Rollercoaster Season - Colossus

Apr 22, 2007 14:42

You never forget your first looping coaster - well, that would appear to be the concensus, anyway. Maybe it's just the company I keep, but a lot of people have described it as a sort of minor rite of passage.

Certainly, I can remember my first time. Not going to go into too many details; I was 14, the place was Great Yarmouth Pleasure Beach, and a fair amount of peer pressure was involved. Well, the very first time, anyway. Not the second time, though, about four minutes later, when I'd abandoned the formerly pressurising and now rather subdued peer to hop straight back into the queue. Funny, really - I can just about remember the name of the girl concerned if I think hard, but I could tell you that the coaster was a Pinfari Looping Star as easily as I could tell you my own birthday. It was small and it was brutal and it was rather wonderful - while it isn't the exact same machine, interested parties can view an identical model here.
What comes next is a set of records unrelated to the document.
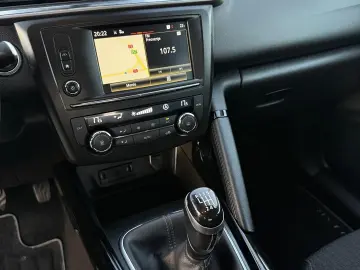 Renault Kadjar 2016 1.5 dCi Intens EURO 6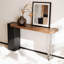 Console de style chinois moderne et classique-2016916921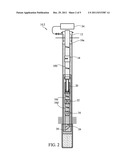 SYSTEM AND METHOD FOR CLEANING A BOTTOM-HOLE FORMATION ZONE OF A WELLBORE diagram and image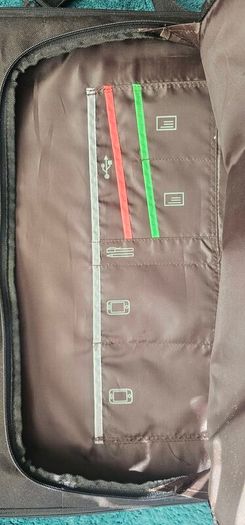 Targus 17inch Laptop bag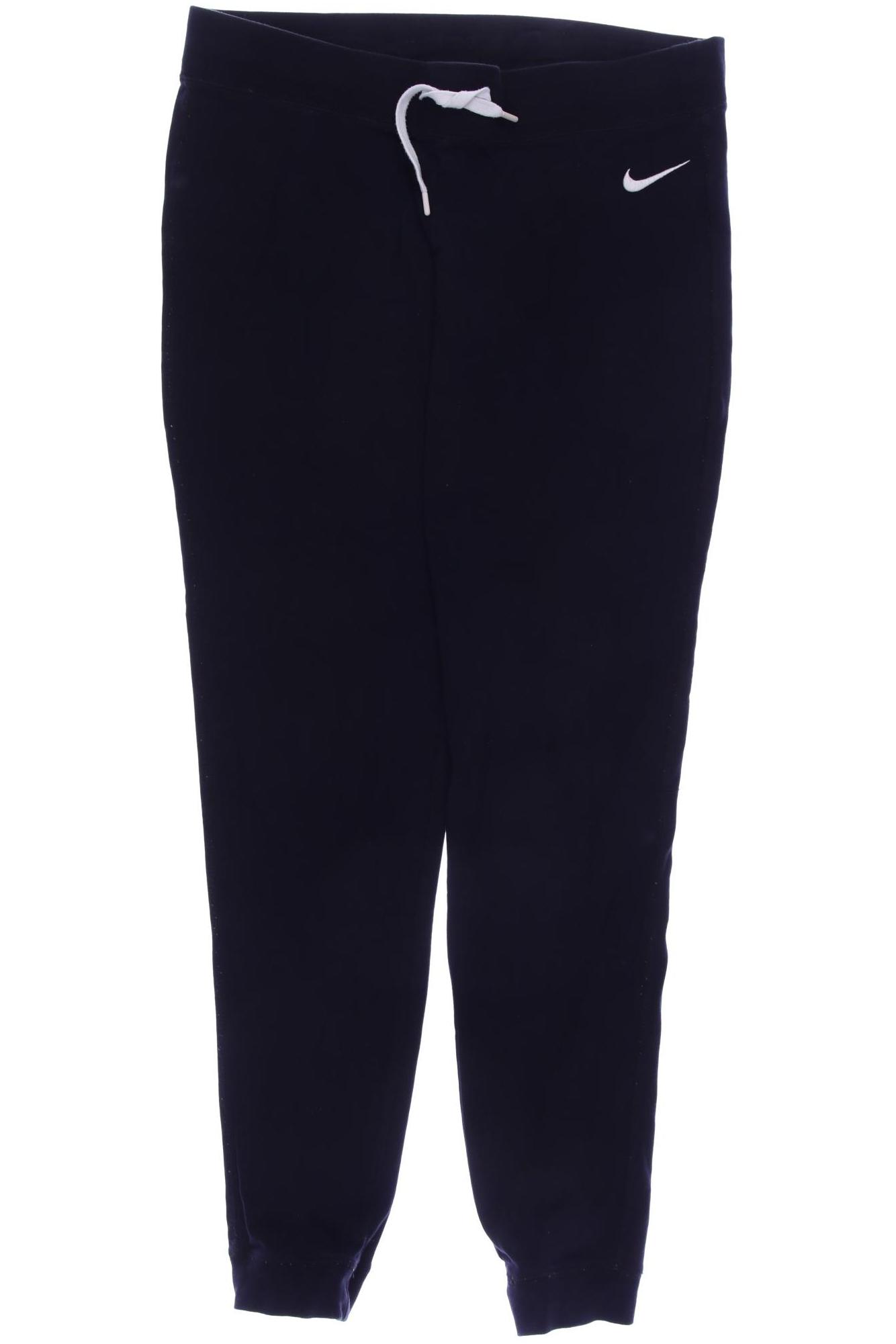 

Nike Damen Stoffhose, schwarz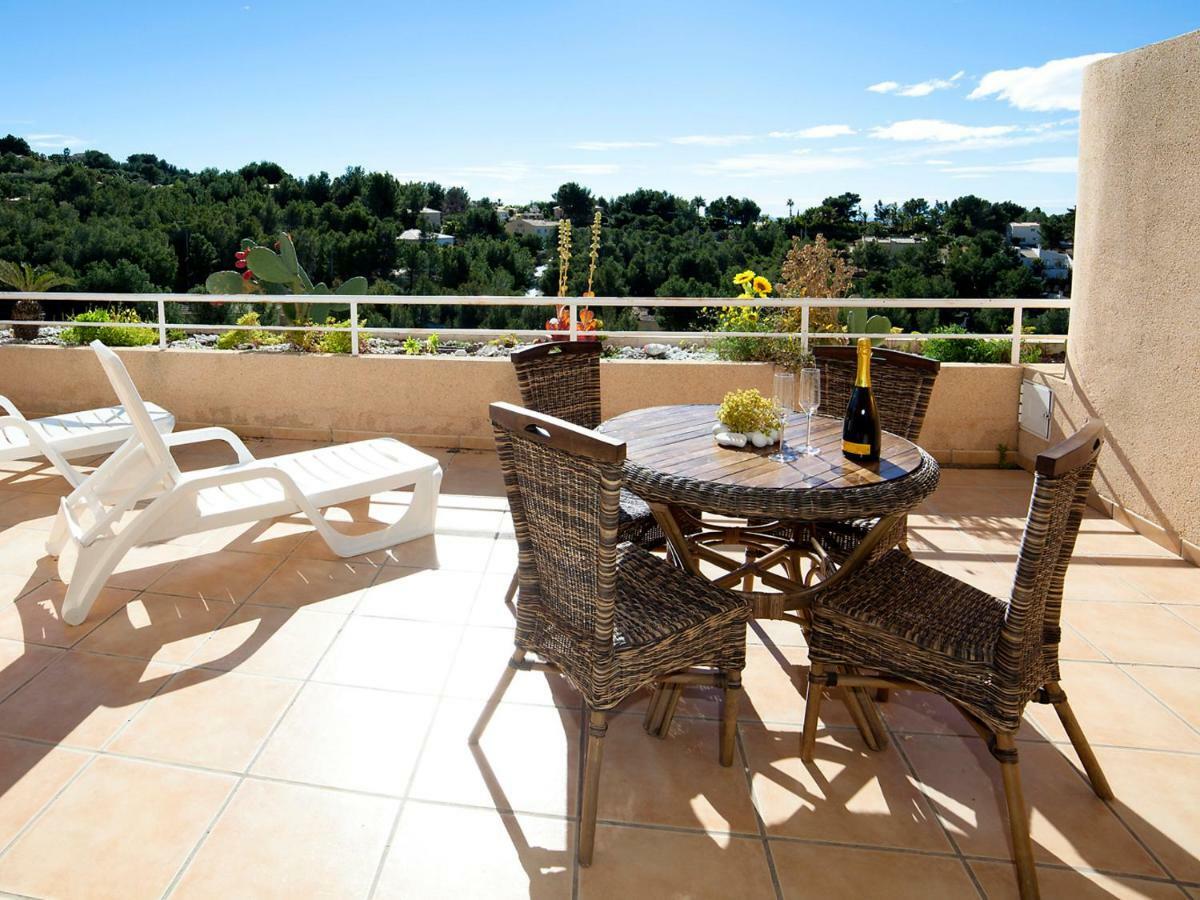 Apartment Altea La Nova-7 By Interhome Altea la Vieja Exteriér fotografie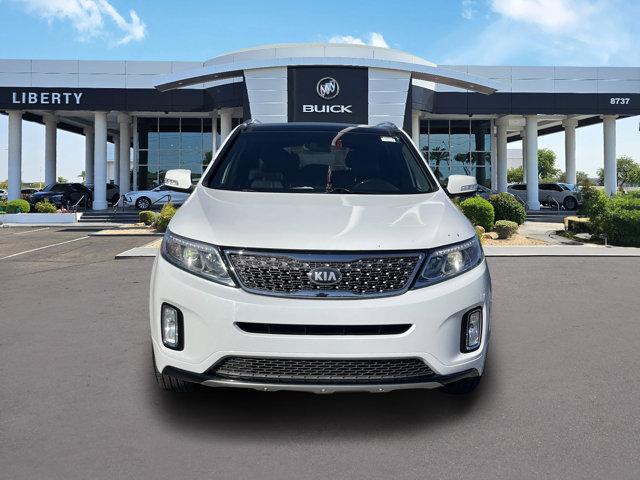 used 2014 Kia Sorento car, priced at $10,995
Where was I? Coasters with loops, upside-down bits or, in the appropriate technical jargon, inverts. No matter how many scientific explanations are given, there's always something just a bit magical about a train of speeding cars appearing to defy gravity. While it took until approximately the 1960s for materials and engineering technology to advance to the point where looping coasters became a staple feature of even quite small amusement parks, instances have been recorded as early as 1846.



The Chemin de Centrifuge was located in the Frascati Gardens in Paris, had a one-rider capacity and a loop diameter of thirteen feet; it was apparently adapted from an English model with a six and a half foot loop.

We've come a long way over the past 160 years or so - certainly, too long for me to want to bore you with the details. Besides, different manufacturers tend to refer to the same sorts of inverts using different terminology, and despite my enthusiasm as a rider, without the aid of this helpful glossary I can't tell a Batwing from an Immelman from a Cobra Roll. If it makes me put my hands in the air and shriek like an orgasmic banshee, why sweat the small stuff?

Today's featured coaster is Colossus, at Thorpe Park in England. Colossus has lots of inverts - ten, in fact. That's more than any other coaster in the world barring an exact replica built in China a year back. I really enjoyed Thorpe Park on my last visit. The food and merchandise were good quality and reasonably priced, the staff were a delight and the water rides were pretty much about as much fun as it's possible to have getting freezing cold and soaking wet. In April. With a streaming cold. Thank you, Pete. Nemesis Inferno proved to be a suitably spunky re-imagining of her peerless older sister (who gets a richly-deserved entry of her own tomorrow), and... you can see where this is going, can't you?

As you can see, Colossus is a treat for the eyes. Unfortunately, it cheats a bit. It has five rather nice inversions:



1: A glorious vertical loop.



2, 3: A really sensational cobra roll.



4,5: A double corkscrew - not my sort of thing but a nice enough use of the space.

So far so competent, even if it rides a bit roughly. However, y'see that spiral bit in the photo below?



That's inverts five through nine. Now, even I'll admit it actually looks pretty bloody cool in the photo - a quad heartline roll, for those who like their tech talk. Problem is, however, that by such a late point in the ride the train has lost a lot of speed. Sure, you go upside down, but the thrill factor is somewhat reduced by the nagging feeling that you could probably be covering the ground rather more quickly on foot. Adding insult to injury, invert ten is just a quick one more of the same right before re-entering the station. Well, I say quick, but... I'm sure you get the picture.

I don't doubt that having a record-breaking ride does wonders for the park's annual takings, but with less histrionics and more careful design work they could have had something truly stunning on their hands. As missed opportunities go, it's a biggie.